● Exercise aim
Leave the pictures out and write out the rest of the listing word for word.

● Source material
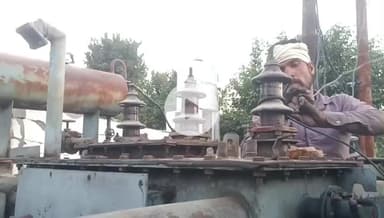 रामपुर: बिजली घर संख्या 270 के 5000 उपभोक्ता बिजली को लेकर परेशान, विद्युत ट्रांसफार्मर और विद्युत पोल बदलने का काम चल रहा है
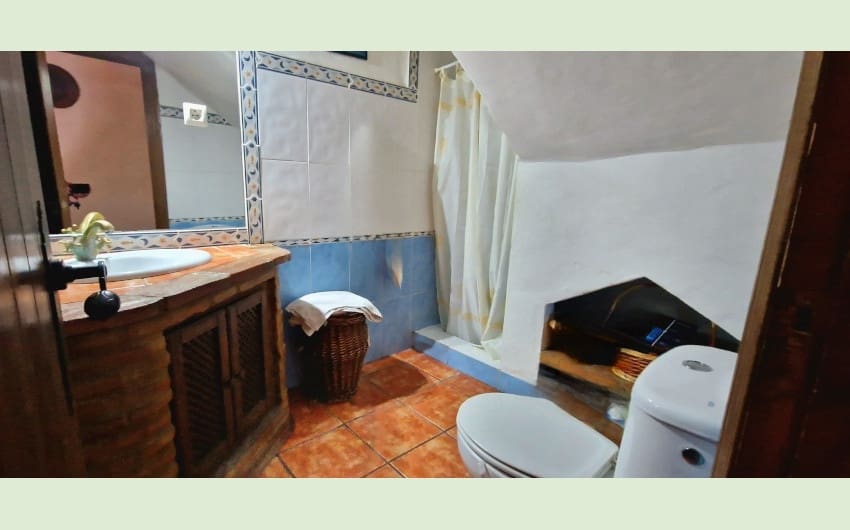 5 soverom Hus til salgs i Jimena de la Frontera med svømmebasseng garasje - € 275 700 (Ref: 8334949)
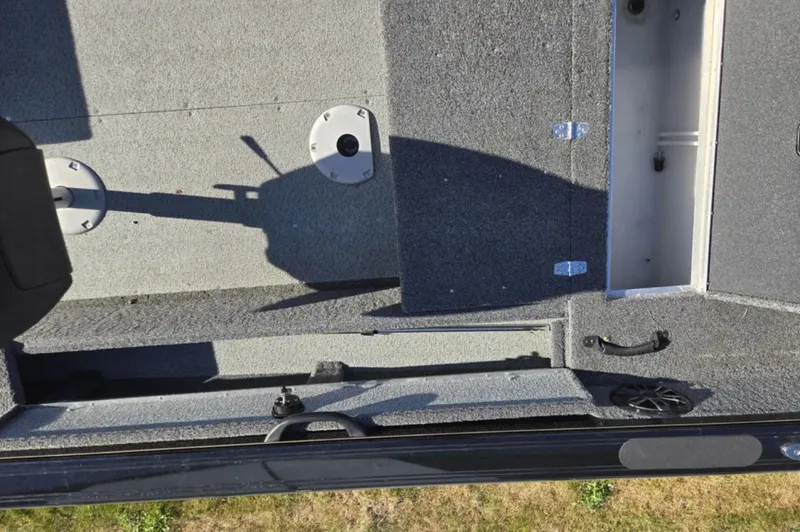 Slide: The Image of Crestliner 1850 FISH HAWK 2021 - 6031313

● Task answer
 रामपुर: बिजली घर संख्या 270 के 5000 उपभोक्ता बिजली को लेकर परेशान, विद्युत ट्रांसफार्मर और विद्युत पोल बदलने का काम चल रहा है
 5 soverom Hus til salgs i Jimena de la Frontera med svømmebasseng garasje - € 275 700 (Ref: 8334949)
 Slide: The Image of Crestliner 1850 FISH HAWK 2021 - 6031313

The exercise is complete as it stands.